5.5. Classes and class attributes

5.5.1. Why classes?

The motivation for classes is the same as the motivation for data types. There is a set of computations that have similar subparts and similar data storage needs, and therefore we want uniform ways of computing them. Thus, all containers contain elements and the in operator relates all containers to their elements; all lists are mutable sequences, so their is a shared append method used to add elements at the end. In general, we want objects with shared properties to share methods.

It often happens that in writing a module, a collection of functions organized around one task, that we can think of the task as revolving around some kind of computational object. There are two related reasons for analyzing the problem in these terms:

  1. There is a shared bundle of information involved in each computation.

  2. Once we have such a bundle of attributes, there are ways to compute further useful information.

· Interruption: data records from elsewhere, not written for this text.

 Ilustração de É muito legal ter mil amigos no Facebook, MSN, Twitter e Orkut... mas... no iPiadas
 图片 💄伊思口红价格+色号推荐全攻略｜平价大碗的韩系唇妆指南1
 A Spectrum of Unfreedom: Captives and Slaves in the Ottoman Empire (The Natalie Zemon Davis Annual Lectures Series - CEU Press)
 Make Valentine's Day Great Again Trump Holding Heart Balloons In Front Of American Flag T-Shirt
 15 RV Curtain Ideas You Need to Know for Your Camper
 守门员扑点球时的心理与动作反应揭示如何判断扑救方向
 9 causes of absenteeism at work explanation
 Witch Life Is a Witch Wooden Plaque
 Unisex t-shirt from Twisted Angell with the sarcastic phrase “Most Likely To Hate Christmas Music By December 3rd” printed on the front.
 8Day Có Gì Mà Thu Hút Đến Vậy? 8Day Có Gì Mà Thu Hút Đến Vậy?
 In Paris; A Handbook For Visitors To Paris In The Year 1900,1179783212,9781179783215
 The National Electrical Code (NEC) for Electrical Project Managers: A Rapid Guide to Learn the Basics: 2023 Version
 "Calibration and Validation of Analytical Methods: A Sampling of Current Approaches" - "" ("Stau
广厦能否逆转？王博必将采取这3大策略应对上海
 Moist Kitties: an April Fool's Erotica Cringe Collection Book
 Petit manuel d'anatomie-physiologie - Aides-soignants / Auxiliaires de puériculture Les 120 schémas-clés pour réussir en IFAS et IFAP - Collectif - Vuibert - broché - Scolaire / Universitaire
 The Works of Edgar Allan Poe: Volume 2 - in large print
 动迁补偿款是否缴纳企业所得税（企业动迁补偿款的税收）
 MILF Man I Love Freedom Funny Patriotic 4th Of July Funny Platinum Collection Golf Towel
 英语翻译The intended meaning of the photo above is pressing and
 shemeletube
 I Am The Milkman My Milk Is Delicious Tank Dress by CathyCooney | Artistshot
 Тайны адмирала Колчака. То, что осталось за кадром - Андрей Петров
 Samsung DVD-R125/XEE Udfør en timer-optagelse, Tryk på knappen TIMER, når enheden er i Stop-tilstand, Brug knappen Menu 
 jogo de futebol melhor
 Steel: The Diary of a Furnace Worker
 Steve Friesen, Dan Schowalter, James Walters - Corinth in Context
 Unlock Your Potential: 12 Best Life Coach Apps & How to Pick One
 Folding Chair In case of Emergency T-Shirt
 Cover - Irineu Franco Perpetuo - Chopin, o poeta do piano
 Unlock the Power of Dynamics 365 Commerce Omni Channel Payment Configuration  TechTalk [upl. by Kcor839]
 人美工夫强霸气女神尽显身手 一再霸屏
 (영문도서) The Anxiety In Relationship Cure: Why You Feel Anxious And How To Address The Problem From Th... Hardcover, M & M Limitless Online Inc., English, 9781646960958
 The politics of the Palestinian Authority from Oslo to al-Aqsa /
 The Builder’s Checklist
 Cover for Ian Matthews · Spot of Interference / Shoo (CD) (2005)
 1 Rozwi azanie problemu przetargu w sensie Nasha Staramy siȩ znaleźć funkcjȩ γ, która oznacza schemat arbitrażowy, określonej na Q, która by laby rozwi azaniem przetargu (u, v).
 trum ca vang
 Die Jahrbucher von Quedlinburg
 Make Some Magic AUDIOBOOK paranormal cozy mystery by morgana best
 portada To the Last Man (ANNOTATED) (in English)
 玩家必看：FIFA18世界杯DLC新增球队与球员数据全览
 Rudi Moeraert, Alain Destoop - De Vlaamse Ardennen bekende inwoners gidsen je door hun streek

In that case, we can think of the bearer of the bundle of information as an instance of a class of objects, and the various types of computation as methods of that class of objects. Now reasons 1 and 2 are also reasons for writing a function which makes the bundle of information arguments of the function. And since there is some overhead involved in creating classes, we generally only want classes when reason 2 involves multiple computations. That is, when we have a set of different kinds of things that need to be computed, all involving the same, or nearly the same, bundle of attributes. The motivations grow even stronger when there is some notion of state involved; that is, features of the bundle of information may change over time, as we perform different computations, but we still want essentially the same methods to apply. We then want some representation of that bundle that can persist over time.

The most transparent examples are those that correspond to objects in the world.

Suppose we wanted to represent some information about a person. We might do this with a dictionary, as we did in Section Dictionaries:

1gvr =   dict(name='Guido can Rossum',
2             language = 'Python',
3             favorite_tv_show = 'Monty Python',
4             favorite_desert = 'Dutch Apple pie',
5             email_address = 'gvr@gmail.com')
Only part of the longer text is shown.